Calcular o valor comercial dos resultados do modelo
A etapa final e mais importante é quantificar e medir os resultados de negócios. O modelo de Machine Learning não precisa ser perfeito para agregar valor comercial.
No conglomerado de móveis IKEA, as filas chegaram a ser a terceira razão para os clientes fazerem compras em outro lugar. Os modelos de análise de fluxo ajudaram a prever filas que se formariam em uma loja. Embora o algoritmo não fosse perfeito, as previsões foram muito melhores do que a “intuição” dos gerentes. Isso permitiu que a equipe da loja instituísse práticas de combate às filas, o que reduziu em 30% as reclamações sobre o assunto e se tornou uma ótima ferramenta para aperfeiçoar o atendimento ao cliente.
Por isso, Ganes Kesari recomenda:
“Pergunte a si mesmo qual é o verdadeiro propósito do seu modelo de aprendizado de máquina. Deve ajudá-lo a aumentar as receitas ou reduzir custos? Traduza as melhorias de precisão da rede no impacto comercial que o modelo proporcionará. Quantifique o impacto e isso o ajudará a mudar a conversa de precisão para resultados de negócios”.
Alinhando negócios e dados
Sarah Aerni, Director of Machine Learning and Engineering da Salesforce, diz que é preciso que os líderes de negócios e cientistas de dados sigam quatro pilares principais juntos, que alinharão as organizações em torno de uma abordagem central mais inteligente:
Medir os KIPs: Qual é o resultado comercial que está sendo monitorado e utilizado como medida para rastrear o impacto do modelo?

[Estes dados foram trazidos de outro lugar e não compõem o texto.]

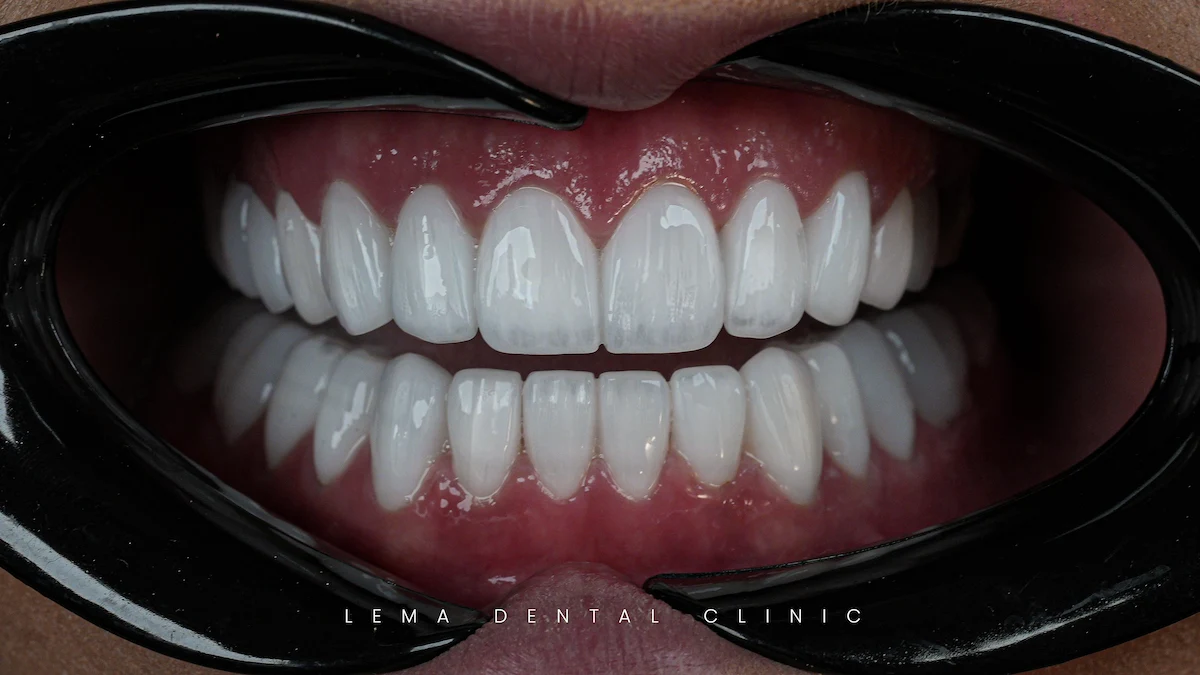 smile hollywood patient 63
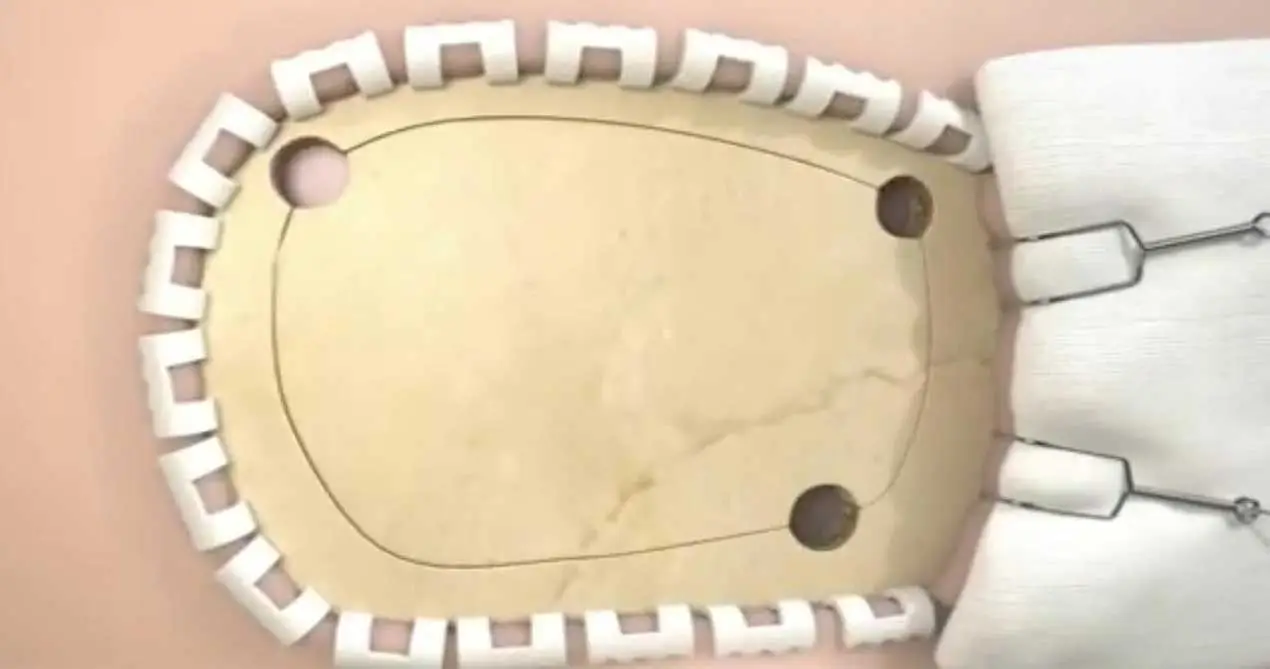 Miếng vá sửa chữa màng cứng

Intervir com base no que a IA prescreve. Quais alavancas e limitações organizacionais existem e como a IA pode fornecer orientação?
Experimentar para medir o impacto. Construir modelos e implantá-los em experimentos controlados para atribuir impacto ao uso de IA.

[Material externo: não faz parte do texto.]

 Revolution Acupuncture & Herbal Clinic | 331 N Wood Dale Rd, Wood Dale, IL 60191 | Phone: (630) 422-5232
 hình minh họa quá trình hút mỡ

Repetir, monitorando, otimizando e experimentando constantemente. Podem ocorrer mudanças de dados e as oportunidades surgem, pois nenhum modelo vive para sempre.
Esses quatro pilares ajudarão os cientistas de dados a levantar questões mais valiosas para seus colegas de negócios e fornecer aos líderes uma compreensão mais profunda do poder da IA na organização.

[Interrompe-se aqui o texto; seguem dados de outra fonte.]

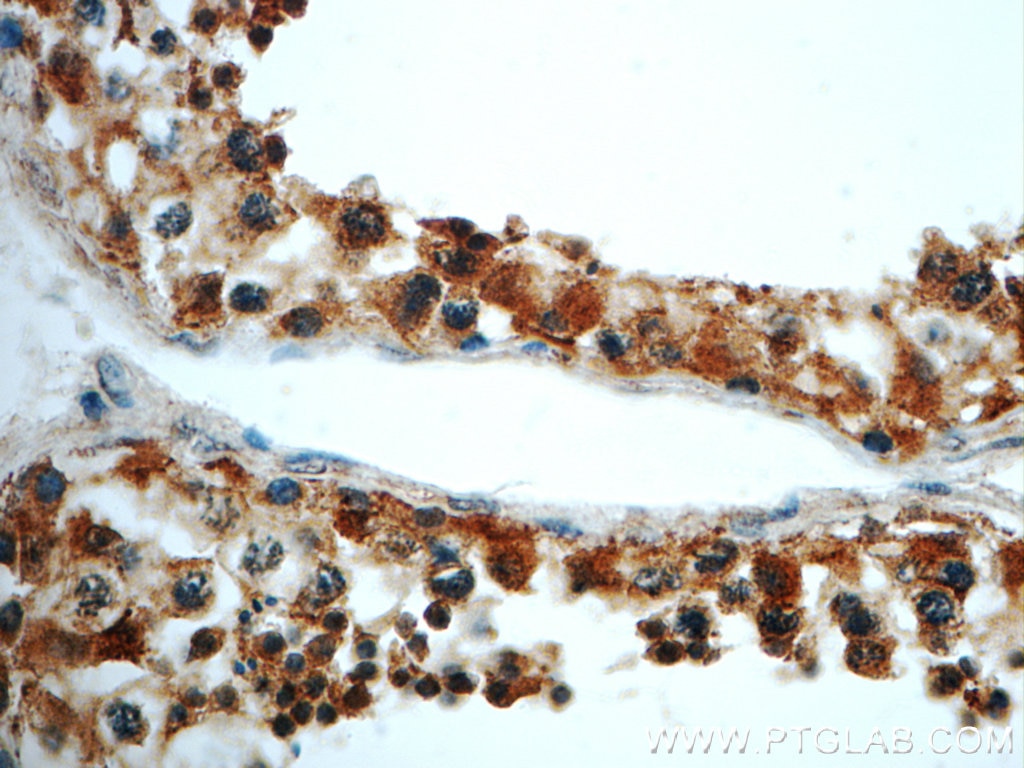 IHC staining of human testis using 22441-1-AP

A própria Netflix aqui sim pode ser citada como um bom exemplo. Ela evolui em inovação de forma acelerada e com grandes vantagens competitivas. Graças a pequenas melhorias contínuas em seus modelos de IA, mais de 80% dos filmes e séries assistidos pelos usuários na plataforma atualmente são descobertos por meio de seu sistema de recomendação.
O aprendizado que fica é que uma empresa que tem a mentalidade de melhorar muitas áreas de negócios de forma rápida e contínua vencerá a equipe que quer resolver um grande problema com perfeição.